Mittlerweile hatte sich auch der Eindruck verstärkt, dass die eigene Musik für XATAR nur eines von vielen Geschäftsfeldern geworden ist. Tatsächlich war die Liste an Bereichen, in denen sich XATAR betätigte, beeindruckend. Dazu gehörten unter anderem eine Shisha-Bar, ein Köfte-Imbiss oder eine Tabak-Marke. Im Deutschrap-Metier hatte er mit Mero und Sero el Mero zwei äußerst erfolgreiche Künstler unter seine Fittiche; Künstler, mit denen XATAR auf ein jüngeres Publikum abzielte. Die enorm hohen Klickzahlen (teilweise mehrere Millionen innerhalb von 24 Stunden) dieser Künstler sorgten für eine Kontroverse: Aufgrund einer Dokumentation des Y-Kollektivs stand der Vorwurf im Raum, dass bei den Klickzahlen ein wenig nachgeholfen wird. Das wurde von XATAR entschieden bestritten.

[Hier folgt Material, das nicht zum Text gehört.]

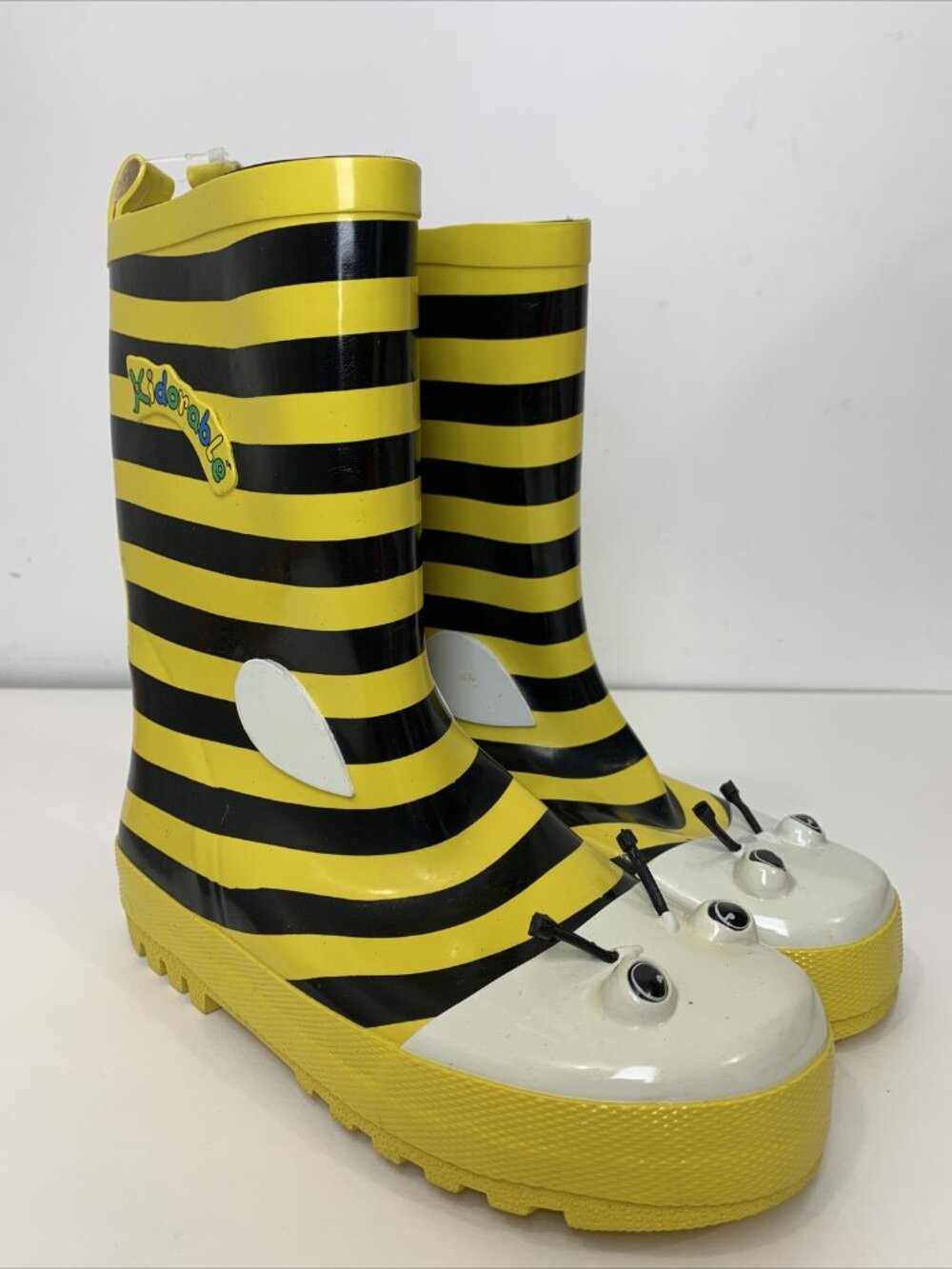 NEW - Kidorable Youth Bumble Bee Rain Boots Size 2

Dass sein Leben irgendwann auf der Leinwand zu sehen sein würde, war dann keine große Überraschung. Unter der Regie von Fatih Akın entstand 2022 der Film „Rheingold“ mit dem Upcoming-Hollywood-Schauspieler Emilio Sakraya in der Hauptrolle. Doch zeitgleich zogen dunkle Wolken über das Imperium XATARs auf.

XATAR wird fehlen

Im Jahr 2023 mussten fünf Gesellschaften seiner Unternehmensgruppe Goldmann Insolvenz anmelden. 2024 wurde die Insolvenz von „Alles oder Nix” bekannt gegeben. Harte Rückschläge. Doch wenn jemandem zuzutrauen war, hier wieder aufzusteigen, dann war es XATAR. Auch traute man ihm zu, wieder musikalisch an die Glanzzeiten anknüpfen zu können.

Das ominöse „G-Tape Vol. 1“, das für Dezember 2022 angekündigt wurde, hätte genau diesen Schritt bedeuten können. Es ist gut möglich, dass es posthum erscheinen wird und man darauf noch einmal den XATAR hören wird, der einst zum Rapstar wurde. „Jetzt zu sterben wäre scheiße“, sagte XATAR im „Feelings“-Podcasts des Komikers Kurt Krömer Anfang April 2025 – und ja, es ist scheiße, dass er nicht mehr da ist. Ruhe in Frieden, Bira.